Così Pierluigi Onorato ci parlò di Berlinguer

La scomparsa di Pierluigi Onorato priva il dibattito politico di un uomo che ha saputo contribuire con rigore e coerenza alla costruzione di un rapporto fecondo tra mondo cattolico e sinistra. Magistrato, deputato e poi senatore della Repubblica del gruppo Sinistra Indipendente dal 1979 al 1992, Onorato è stato una di quelle personalità “di fede cristiana, cattolici professanti” di cui, con la loro elezione nelle liste del PCI, come scriveva Berlinguer, si intendeva “mettere in valore l’apporto che la loro umana e civile esperienza, religiosamente formata, può dare alla comune opera di rinnovamento, sottolineando nel tempo stesso la laicità della politica e dell’impegno politico”.
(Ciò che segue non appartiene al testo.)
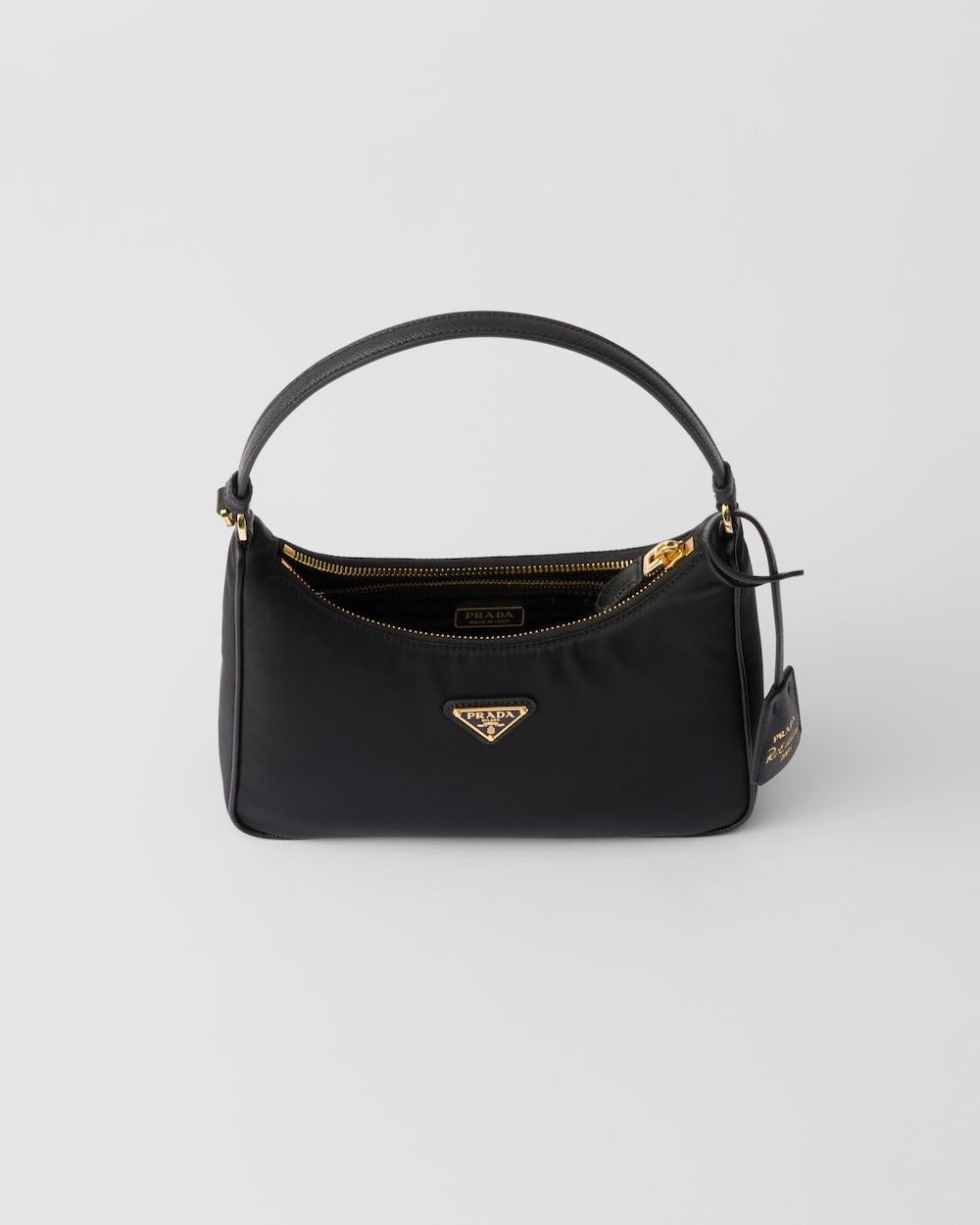 PRADA Women Prada Re-Edition 2005 Re-Nylon and Saffiano mini bag Black 1N204M_R064_F0632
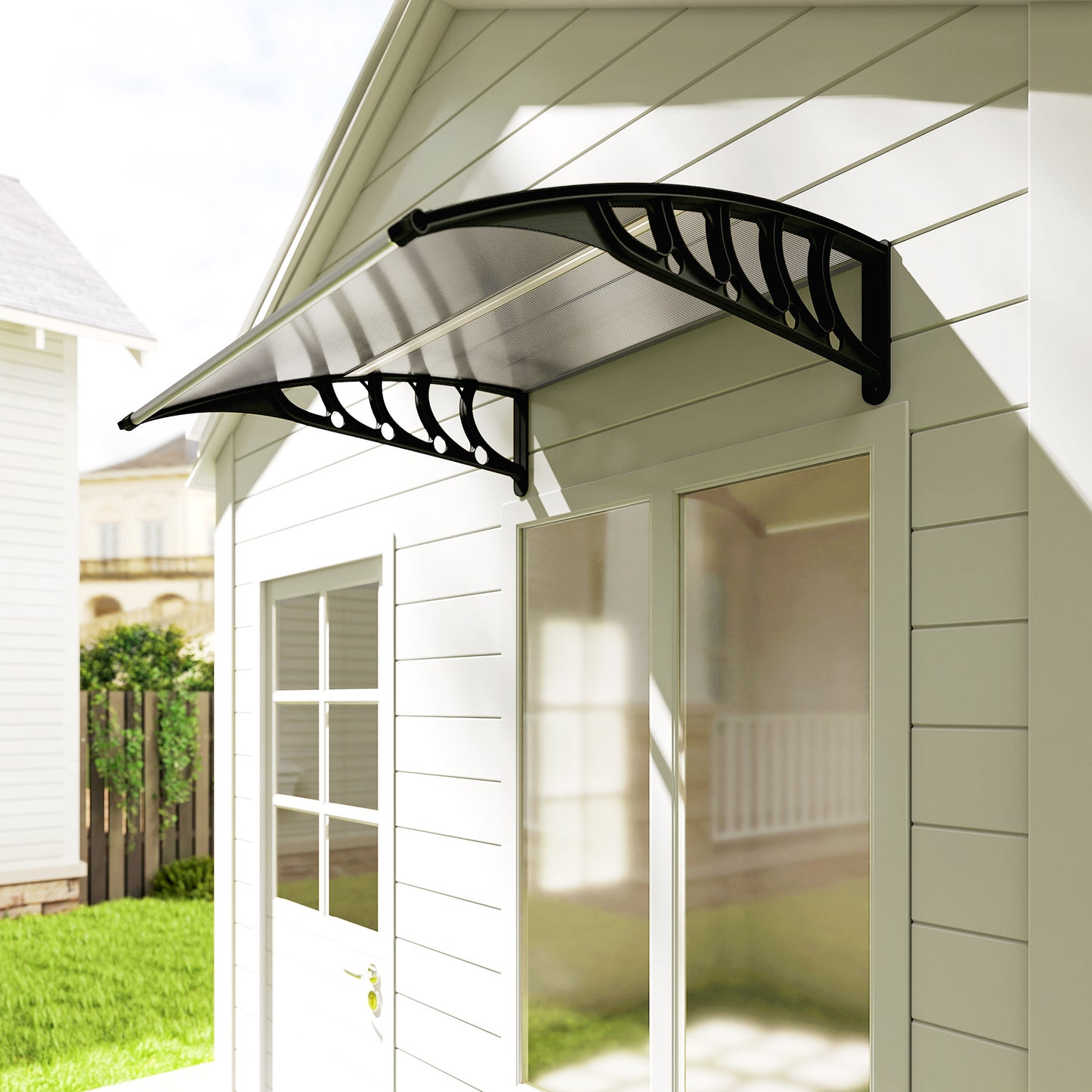 Front Door Canopy, Outdoor Awning, Rain Shelter for Window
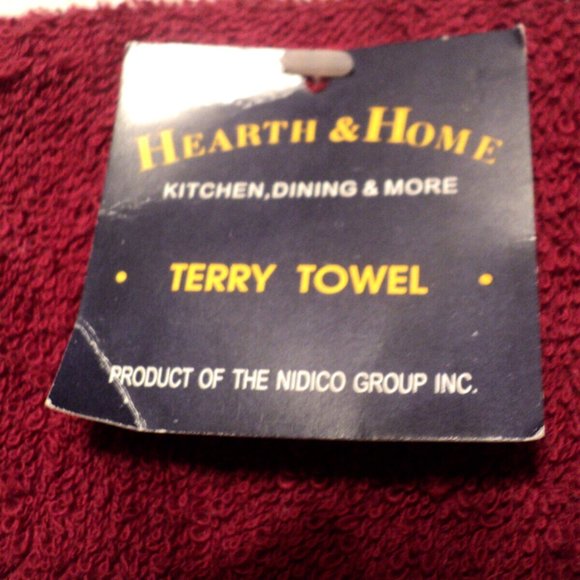 Set of 3 Bath Hand Towels 2 Black, 1 Burgundy Vintage Westpoint Grand Patrician - Picture 2 of 4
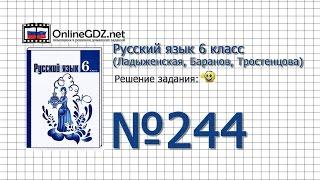 Задание № 244 — Русский язык 6 класс (Ладыженская, Баранов, Тростенцова)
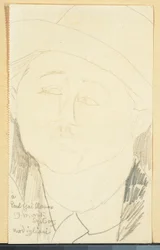 Paul Guillaumen muotokuva, n. 1916 (kynä paperille)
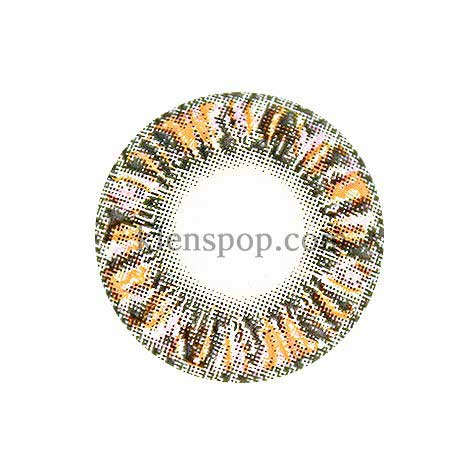 Angry Brown (Brianna) Colored Contacts (2Pcs) 6 Months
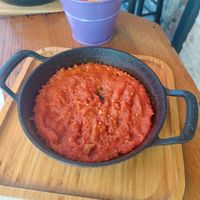 Menemen without eggs at Kahvaltıhane in Istanbul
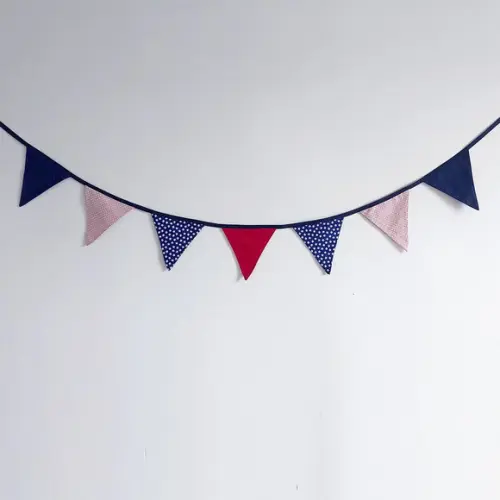 Bandeirinhas em Tecido Estampas Diversas Cores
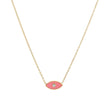 Collier en acier œil rose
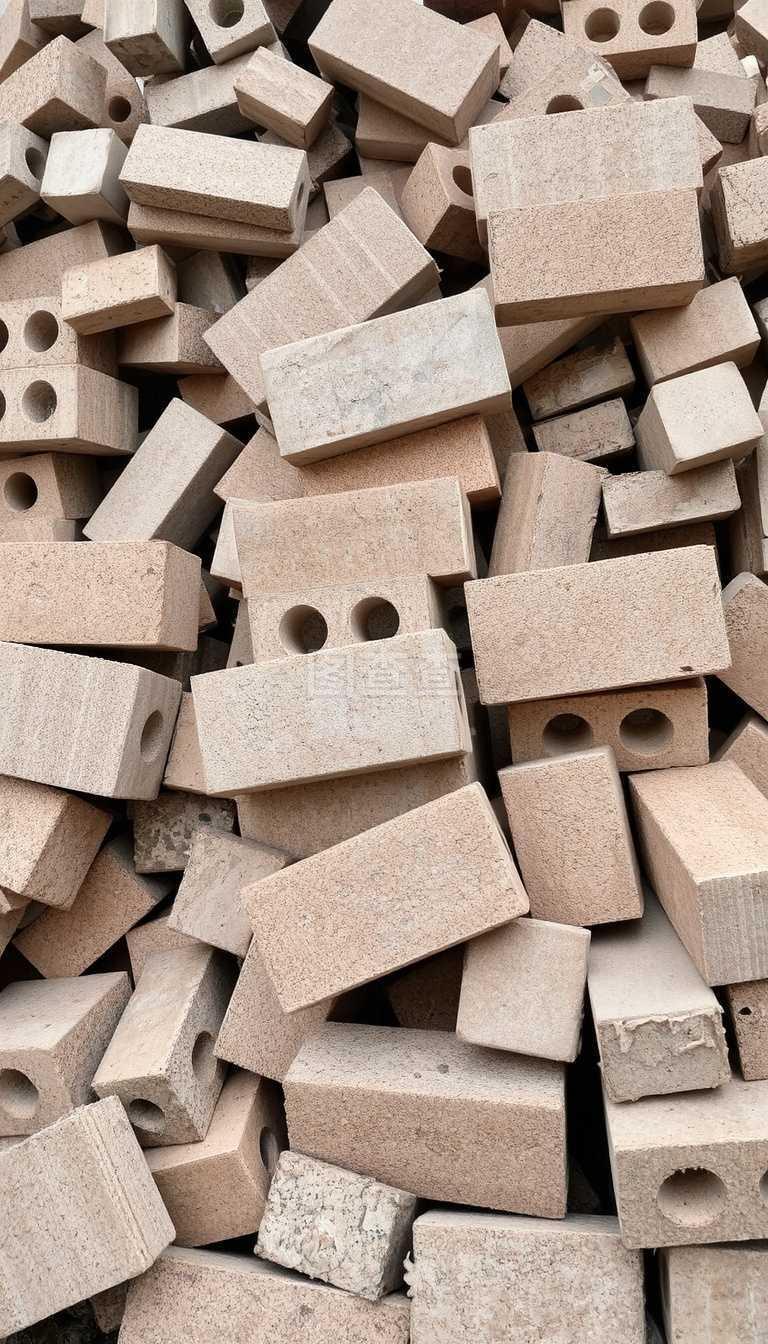 建筑材料的堆疊與管理 混凝土塊的應(yīng)用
Proprio sul tema della laicità si incentrò, nel giugno del 2016, la conversazione che Simone Siliani ed io avemmo con lui, nella sua casa, per aggiungere un altro, importante tassello alla nostra ricerca sul segretario del Pci, destinata a trovare compimento nel volume “Berlinguer. Vita trascorsa, vita vivente”.

Ci soffermammo in particolare sul famoso carteggio che tra il 1976 e il 1977 intrattennero il vescovo di Ivrea Luigi Bettazzi e il segretario stesso, esplorandone i particolari e soprattutto cercando di individuare quanto di quelle riflessioni possano essere utili ancora oggi.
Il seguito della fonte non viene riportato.